Dari semua kisah yang saya alami, saya bisa katakan bahwa keberagaman bukanlah alasan untuk kita menjadi terpecah. Rasa untuk mau saling menghormati dan menghargai budaya serta agama orang lain menjadi kunci lestarinya keberagaman itu. Sudah sewajarnya kita mengingat bahwa Indonesia diciptakan oleh Tuhan dengan berbagai perbedaan. Semboyan Bhineka Tunggal Ika bukanlah semboyan yang “main-main”. Ada sebuah doa dan harapan dalam makna semboyan tadi. Jika kami para mahasiswa yang baru seumur jagung “melek” mampu membuat keindahan di balik segala perbedaan kami, saya yakin masyarakat Indonesia yang lain pun mampu. Kuncinya adalah saling menghargai. Jangan pernah menganggap budaya atau agama kita lebih baik daripada milik orang lain. Segala provokasi yang dapat memicu konflik hendaknya tak membuat kita mudah tersulut amarah. Justru jadikan provokasi-provokasi tadi menjadi pelecut bagi kta untuk bisa bertahan hidup dengan saling menghargai di atas segala keberagaman. Ada baiknya kita melakukan perubahan mulai dari diri sendiri dengan harapan suatu saat kemudian perbuatan kita mampu dicontoh orang lain. Saya percaya bahwa satu perbuatan kecil mampu mengubah Indonesia menjadi lebih baik.
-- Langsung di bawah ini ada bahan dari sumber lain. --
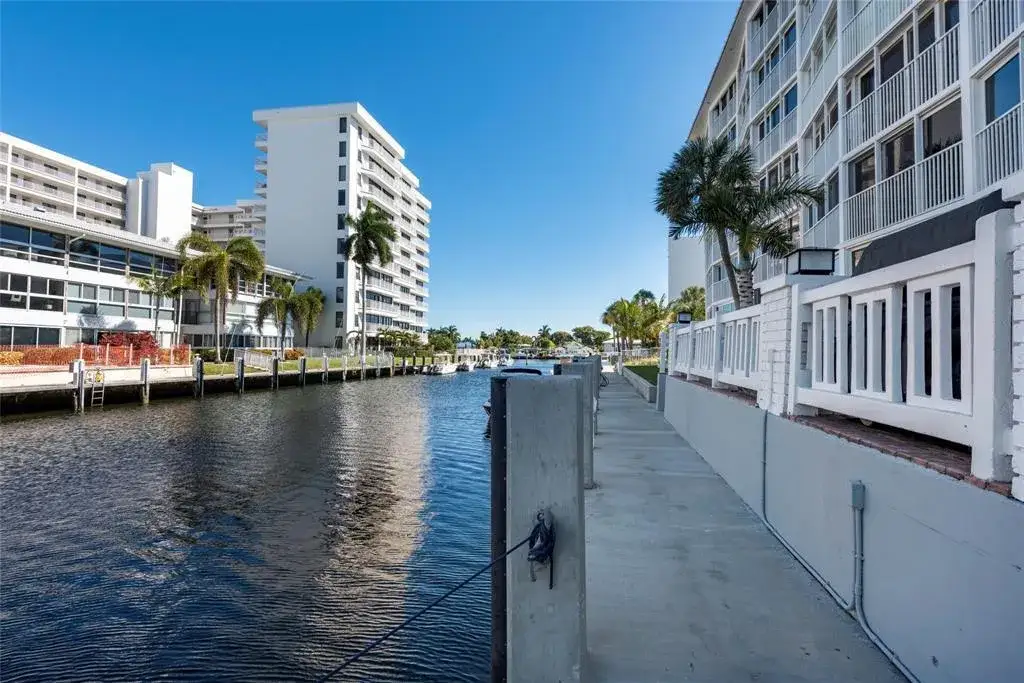 3101 NE 47th Court # 504, Fort Lauderdale FL 33308
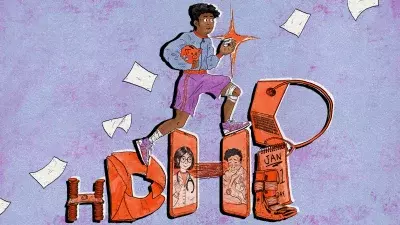 Maximizing High-Deductible Health Plans and HSAs: A Comprehensive Guide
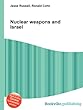 Nuclear Weapons and Israel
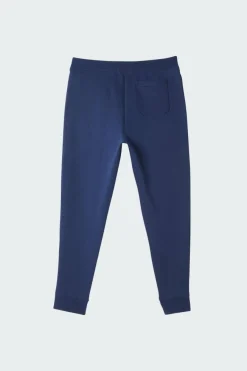 Polo Sport Fleece Jogger Pant - Jogging | Bleu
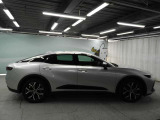 納車前に自社整備工場で点検整備を実施。納車から1年間の全国トヨタロングラン保証付きですので、ご安心してお乗りいただけます!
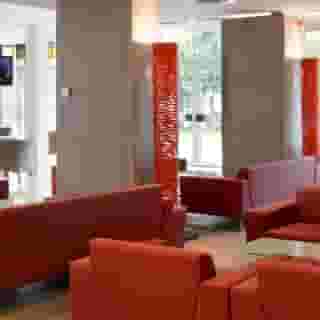 Alba Hotel, 6 of 6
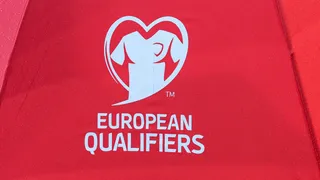 Euro 2024 : quelles nations qualifiées pour les barrages ?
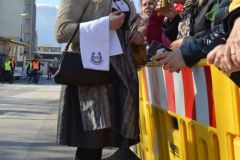 Umzug-2025-Moser-Martina_153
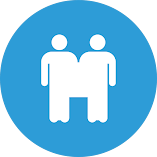 تطبيق-men-gay-dating-app-chat-fun-مهكر.webp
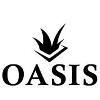 Oasis HealthCare Partners Logo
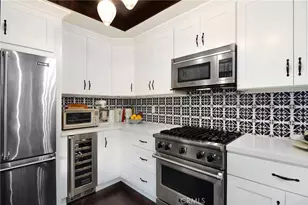 5535 Shadow Canyon, Westlake Village, CA 91362 - Photo 6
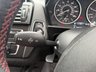 USED 2015 BMW 1 SERIES 2.0 116d Sport Hatchback 3dr Diesel Manual Euro 5 (s/s) (116 ps) Sport Trim | Bluetooth | Alloy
 Keberagaman di Indonesia selayaknya dijadikan kekayaan Indonesia yang paling berharga. Seperti yang sudah saya ulas di depan bahwa Indonesia merupakan salah satu negara yang unik. Unik karena masyarakatnya memiliki latar belakang, fisik, budaya, dan agama yang berbeda-beda. Enam puluh lima tahun sudah Indonesia berdiri tegak meski dengan keberagaman yang ada. Berbagai konflik yang timbul (konflik agama, konflik etnis, maupun konflik-konflik yang lain) lebih disebabkan karena kurangnya rasa menghargai dan toleransi di antara kita. Marilah dengan berbagai perbedaan yang kita miliki, kita bangun dan lestarikan kebudayaan-kebudayaan Indonesia. Milikilah rasa bangga akan keberagaman ini. Ingatlah bahwa tonggak dari negara ini pun karena adanya semboyan Bhineka Tunggal Ika: walaupun berbeda-beda namun tetap satu juga.